戦後に植えて育てられた木が本格的に利用される林齢になってきました。
利用のため木を伐採した跡の森林再生は必須です。
スギ、ヒノキなどの人工林伐採跡地の再生(再造林)には苗木が必要となりますが、苗木の確保と、育苗技術の継承などが課題となっています。

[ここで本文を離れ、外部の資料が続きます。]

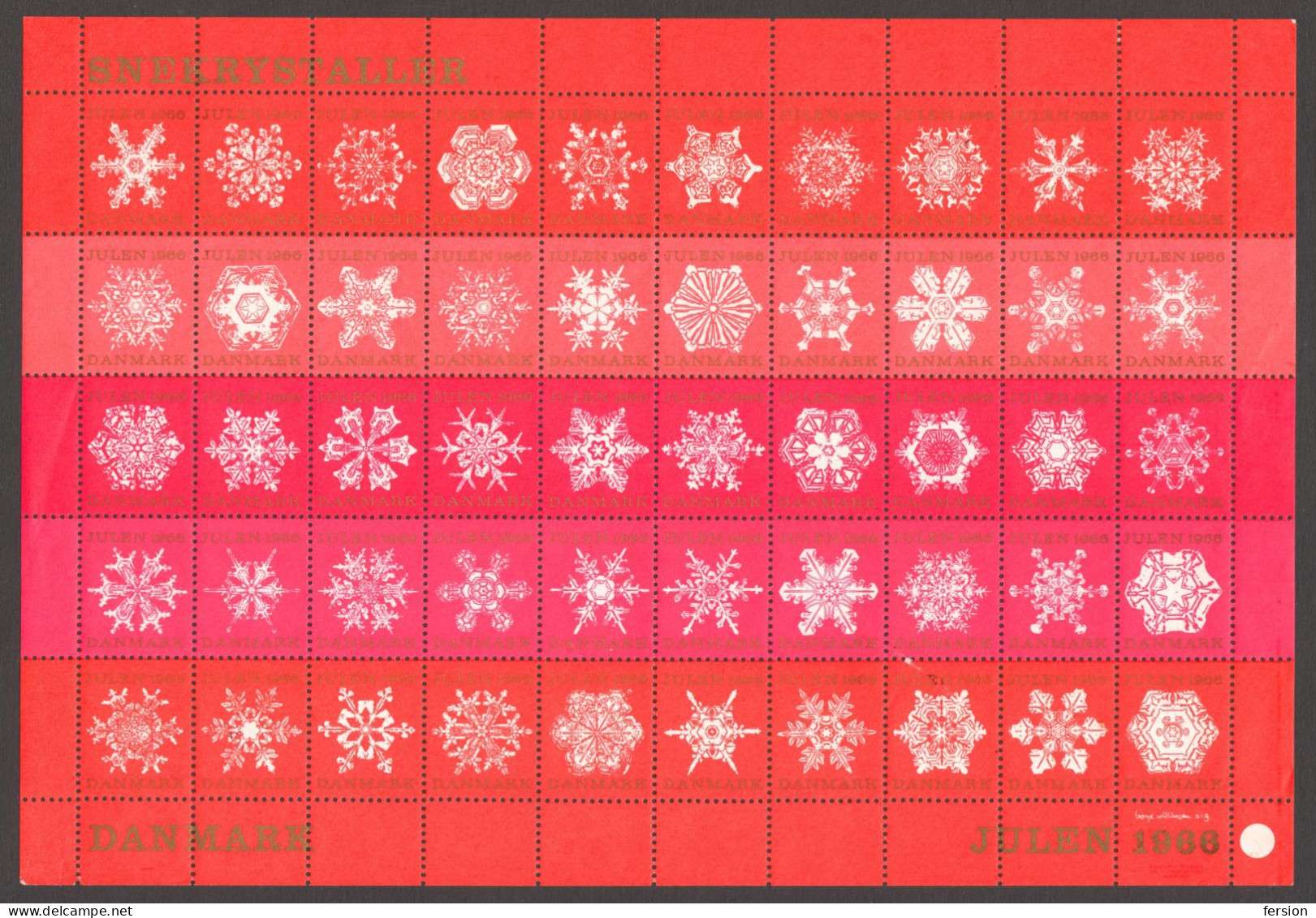 Snowflake Snow - Christmas - JUL - LABEL / CINDERELLA / VIGNETTE - 1966 Denmark Danmark - MNH Sheet - Andere & Zonder Classificatie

このため、林業普及員を対象に、育苗技術の指導に必要な、播種作業や挿し付け作業の基本的な知識・技術の習得を目的に、4月15日に松江市宍道町の県緑化センターで研修会を開催しました。
研修の様子等を写真で紹介します。
開会 (講師は緑化センタースタッフ)
午前中は播種作業です。これは準備したヒノキの種。
約1昼夜冷水に浸し、シーツの上に広げ、播き付けに支障の無い程度に陰干しします。
消毒薬をまぶします。(少し白っぽくなります)
土壌消毒した播種床を丁寧にならします。
均したあとはローラーで適度に締め固めます(歩いて沈まない程度)。
砂でくぼみを補修し、播種床の完成です。
明け方の風のない時に、まんべんなく播きます。
覆砂した後は半切りのワラ(消毒済)で覆います。元口を手前に並べ、後で抜きやすくします。
しっかり散水します。散水頻度は畑の状況に応じて行います。
最後に日覆いをかけて播種作業の終了です。
5月には芽が出そろいますが、その後も手は抜けません。
散水、除草、日覆いの再設置、覆ワラ除去、病害虫防除、追肥、間引き、根切り、床替えと作業は続きます。

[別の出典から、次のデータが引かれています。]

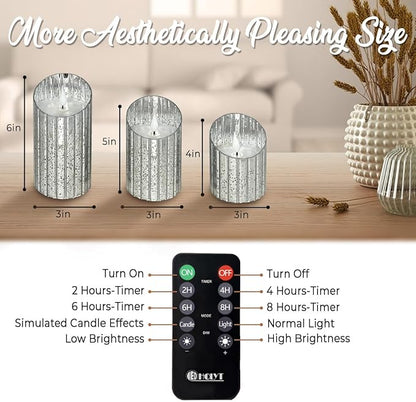 LEDHOLYT Rechargeable Flameless Candle, Flickering LED Pillar Glass Fake Candle with Remote and Timer, Built-in Battery Real Wax Electronic Candle for Room Decoration, Set of 3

優良山行苗の生産には、優良な幼苗生産にかかっているといっても過言ではありません。
床替え後に挽回すればよいというものではありません(講師談)。
午後からは挿し木作業です。
穂木は少花粉スギの品種から採取しました。
ますは荒穂を採取します。徒長枝は不適です。樹幹の中ほどの良く充実しているものを選びます。
良さそうな荒穂を選びます(これがなかなか難しい)。
採取した荒穂はこもで運びます。
持ちかえった荒穂から、根切りばさみを使って穂木づくりです。
芯を見極め、通常サイズは芯から22~23cmの長さで、元は楕円形切り返しでカットし、下から3分の1の葉を除去し、併せて全体の葉のバランスを整えます。
ミニ穂は17cm(2年で山行きさせるための最低限の長さ)、マイクロ穂になると8cmとなります。
マイクロにするとたくさん穂木が作れますが、その分山行きまでの期間が長くなります。
発根促進剤を塗布します。
挿し床に、下2分の1程度を挿します。あまり寝かせないように。
今回は15本を20cm間隔で行いました。
しっかり土を押さえて穂木と密着させます。
最後にスプリンクラーを設置します。
散水して作業終了です。
最後に各種農薬の解説もありました。
「育苗」は、育苗ごよみやテキストどおりにはいきません。
畑や苗の状況を常に観察して、その状況に応じた対応が大切です。(講師談)
育苗研修は今後2回、3回目を予定しています。
今注目のコンテナ苗の研修も予定しています。